All of lore.kernel.org
 help / color / mirror / Atom feed
From: Christoffer Dall <christoffer.dall@arm.com>
To: Peter Maydell <peter.maydell@linaro.org>
Cc: Marc Zyngier <marc.zyngier@arm.com>,
	QEMU Developers <qemu-devel@nongnu.org>,
	steven.price@arm.com, qemu-arm <qemu-arm@nongnu.org>,
	Heyi Guo <guoheyi@huawei.com>,
	kvmarm@lists.cs.columbia.edu
Subject: Re: [RFC] arm/cpu: fix soft lockup panic after resuming from stop
Date: Tue, 12 Mar 2019 13:25:28 +0100	[thread overview]

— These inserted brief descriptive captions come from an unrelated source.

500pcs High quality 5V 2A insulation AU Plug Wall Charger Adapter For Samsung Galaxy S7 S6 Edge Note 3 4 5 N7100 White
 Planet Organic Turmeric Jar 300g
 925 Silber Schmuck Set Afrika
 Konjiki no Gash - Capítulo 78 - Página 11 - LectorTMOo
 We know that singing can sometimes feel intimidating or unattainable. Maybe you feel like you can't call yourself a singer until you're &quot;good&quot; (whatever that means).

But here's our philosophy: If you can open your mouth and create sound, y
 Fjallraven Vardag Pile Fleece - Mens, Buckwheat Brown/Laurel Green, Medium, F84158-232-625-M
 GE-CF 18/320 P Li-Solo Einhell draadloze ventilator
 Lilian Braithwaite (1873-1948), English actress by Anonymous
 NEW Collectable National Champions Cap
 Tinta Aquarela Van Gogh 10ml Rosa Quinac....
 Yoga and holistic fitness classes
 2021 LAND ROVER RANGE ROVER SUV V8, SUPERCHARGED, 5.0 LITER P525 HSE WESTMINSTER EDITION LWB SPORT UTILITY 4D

Message-ID: <20190312122528.GA12646@e113682-lin.lund.arm.com> (raw)
In-Reply-To: <CAFEAcA-29Q-sTg2wLre0GJJCr2gfu89rg0vuTOf7cW5drE4d7Q@mail.gmail.com>

[Adding Steven Price, who has recently looked at this, in cc]

On Tue, Mar 12, 2019 at 10:08:47AM +0000, Peter Maydell wrote:
> On Tue, 12 Mar 2019 at 06:10, Heyi Guo <guoheyi@huawei.com> wrote:
> >
> > When we stop a VM for more than 30 seconds and then resume it, by qemu
> > monitor command "stop" and "cont", Linux on VM will complain of "soft
> > lockup - CPU#x stuck for xxs!" as below:
> >
> > [ 2783.809517] watchdog: BUG: soft lockup - CPU#3 stuck for 2395s!
> > [ 2783.809559] watchdog: BUG: soft lockup - CPU#2 stuck for 2395s!
> > [ 2783.809561] watchdog: BUG: soft lockup - CPU#1 stuck for 2395s!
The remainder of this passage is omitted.